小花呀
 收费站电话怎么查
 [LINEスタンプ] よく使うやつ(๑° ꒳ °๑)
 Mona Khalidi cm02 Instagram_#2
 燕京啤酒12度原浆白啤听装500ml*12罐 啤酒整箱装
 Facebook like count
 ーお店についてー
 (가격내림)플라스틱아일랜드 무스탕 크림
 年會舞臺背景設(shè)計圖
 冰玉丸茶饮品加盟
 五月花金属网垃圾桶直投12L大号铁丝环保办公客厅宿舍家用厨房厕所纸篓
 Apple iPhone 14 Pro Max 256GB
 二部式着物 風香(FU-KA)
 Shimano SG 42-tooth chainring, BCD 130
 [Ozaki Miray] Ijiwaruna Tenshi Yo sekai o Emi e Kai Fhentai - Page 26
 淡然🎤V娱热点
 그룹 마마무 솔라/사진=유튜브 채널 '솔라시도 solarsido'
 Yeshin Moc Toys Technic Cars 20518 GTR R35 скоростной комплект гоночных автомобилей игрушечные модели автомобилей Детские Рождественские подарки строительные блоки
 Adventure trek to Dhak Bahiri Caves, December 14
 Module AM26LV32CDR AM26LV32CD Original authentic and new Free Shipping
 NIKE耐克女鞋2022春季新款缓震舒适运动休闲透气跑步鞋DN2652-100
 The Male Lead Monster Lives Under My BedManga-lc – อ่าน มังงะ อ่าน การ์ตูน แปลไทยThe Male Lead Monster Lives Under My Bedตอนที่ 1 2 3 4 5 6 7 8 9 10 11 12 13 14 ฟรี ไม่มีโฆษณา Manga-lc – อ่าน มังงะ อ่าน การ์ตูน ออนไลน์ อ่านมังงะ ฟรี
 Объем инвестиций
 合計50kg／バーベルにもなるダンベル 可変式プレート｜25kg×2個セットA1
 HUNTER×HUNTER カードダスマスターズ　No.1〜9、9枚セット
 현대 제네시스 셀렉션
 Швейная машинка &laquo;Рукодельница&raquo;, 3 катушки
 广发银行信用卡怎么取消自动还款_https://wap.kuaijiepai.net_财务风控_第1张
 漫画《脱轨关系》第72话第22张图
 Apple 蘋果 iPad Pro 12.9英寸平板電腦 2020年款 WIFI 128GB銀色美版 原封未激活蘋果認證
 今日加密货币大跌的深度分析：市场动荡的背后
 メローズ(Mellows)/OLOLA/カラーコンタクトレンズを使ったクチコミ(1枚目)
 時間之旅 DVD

= = =

• [What is expected] Copy nothing except the lines from the one holding "Module AM26LV32CDR AM26LV32CD" through the last line of the data above, and return them exactly.

• [Written solution]
 Module AM26LV32CDR AM26LV32CD Original authentic and new Free Shipping
 NIKE耐克女鞋2022春季新款缓震舒适运动休闲透气跑步鞋DN2652-100
 The Male Lead Monster Lives Under My BedManga-lc – อ่าน มังงะ อ่าน การ์ตูน แปลไทยThe Male Lead Monster Lives Under My Bedตอนที่ 1 2 3 4 5 6 7 8 9 10 11 12 13 14 ฟรี ไม่มีโฆษณา Manga-lc – อ่าน มังงะ อ่าน การ์ตูน ออนไลน์ อ่านมังงะ ฟรี
 Объем инвестиций
 合計50kg／バーベルにもなるダンベル 可変式プレート｜25kg×2個セットA1
 HUNTER×HUNTER カードダスマスターズ　No.1〜9、9枚セット
 현대 제네시스 셀렉션
 Швейная машинка &laquo;Рукодельница&raquo;, 3 катушки
 广发银行信用卡怎么取消自动还款_https://wap.kuaijiepai.net_财务风控_第1张
 漫画《脱轨关系》第72话第22张图
 Apple 蘋果 iPad Pro 12.9英寸平板電腦 2020年款 WIFI 128GB銀色美版 原封未激活蘋果認證
 今日加密货币大跌的深度分析：市场动荡的背后
 メローズ(Mellows)/OLOLA/カラーコンタクトレンズを使ったクチコミ(1枚目)
 時間之旅 DVD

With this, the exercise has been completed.